Appendix A Benefits of Domestic and International Cooperation

  • A.1. Section 2 of the paper describes the purposes of domestic and international cooperation in terms of license applications, ongoing regulation, and enforcement. This appendix gives examples of the kinds of information that should be exchanged in order to gain those benefits.


  • A.2. A regulator faced with an application from a financial services business (FSB) that is a branch or subsidiary of an FSB that is regulated elsewhere is likely to want information about

    1. the regulatory track record of the applicant’s parent company—its compliance culture, its openness with the regulator, and its adherence to the rules;

    2. its capital status (particularly for banks), its solvency (for insurance), and its financial resources (for all sectors);

    3. its record with respect to carrying out due diligence on its customers, which is particularly important in anti-money laundering (AML) efforts and measures to combat the financing of terrorism (CFT);

    4. any material enforcement action that might have been taken;

    5. the risks posed by the FSB’s business to the objectives of its home regulator—such information is helpful for the regulator faced with a new application by enabling it to build a risk profile of the business for the purposes of risk-based regulation;

    6. the owners and controllers of the group as a whole—in order to determine whether they are fit and proper and in order to meet the specification of Financial Action Task Force (FATF) Recommendation 23 that there be “legal or regulatory measures to prevent criminals or their associates from holding or being the beneficial owner of a significant or controlling interest or holding a management function in a financial institution”; and

    7. the ability of the applicant to manage the new investment that is involved in the new license application—whether they have the financial capacity, the management competence, and the technical skills to cope with a new venture.

  • A.3. Information on these matters will assist a regulator to make appropriate decisions on new license applications.

Ongoing Regulation

  • A.4. A key requirement for effective ongoing regulation of multinational FSBs is the appropriate division of duties between home and host supervisors.

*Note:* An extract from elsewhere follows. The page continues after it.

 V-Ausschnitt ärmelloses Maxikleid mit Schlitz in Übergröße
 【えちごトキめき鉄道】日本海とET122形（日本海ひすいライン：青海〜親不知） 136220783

In principle, these divisions of duties are well established, with the home-state supervisor responsible for prudential matters across a group as a whole and the host-state supervisors focusing on conduct of business by the entity physically located within its jurisdiction. Nevertheless, divisions of responsibility are never clear cut, and there are frequently unique features of an FSB that make the position less obvious.

    1. Most host-state supervisors will expect to monitor the extent to which an FSB conducts due diligence of its customers for AML/CFT defenses. Host-state regulators will frequently expect to set their own standards and requirements so as to achieve a level playing field among different FSBs in their own jurisdictions. FATF Recommendation 22, however, requires a regulatory body to make sure that its standards are exported to all branches and subsidiaries of their FSBs that exist outside its jurisdiction. Cooperation between home and host supervisors to compare standards and to establish the precise roles of both regulators in respect of AML/CFT standards is essential for effective regulation.

      Many large multinational FSBs have complex structures that require several layers of home- and host-state responsibility. A banking group based in Country A could have branches and subsidiaries in Countries B and C and branches in Country D. Subsidiaries in Countries B and C could also have branches in Country D. Supervisors in Countries B and C would be host supervisors for branches and subsidiaries in their own countries and home supervisors for the branches in Country D. The supervisor in Country D would look to the supervisors in Countries B and C to be home-state supervisors for some branches and to Country A to be home-state supervisor for others. Clearly, in such circumstances, the potential for gaps is substantial. Formal agreements, to establish respective roles, should be reached wherever possible.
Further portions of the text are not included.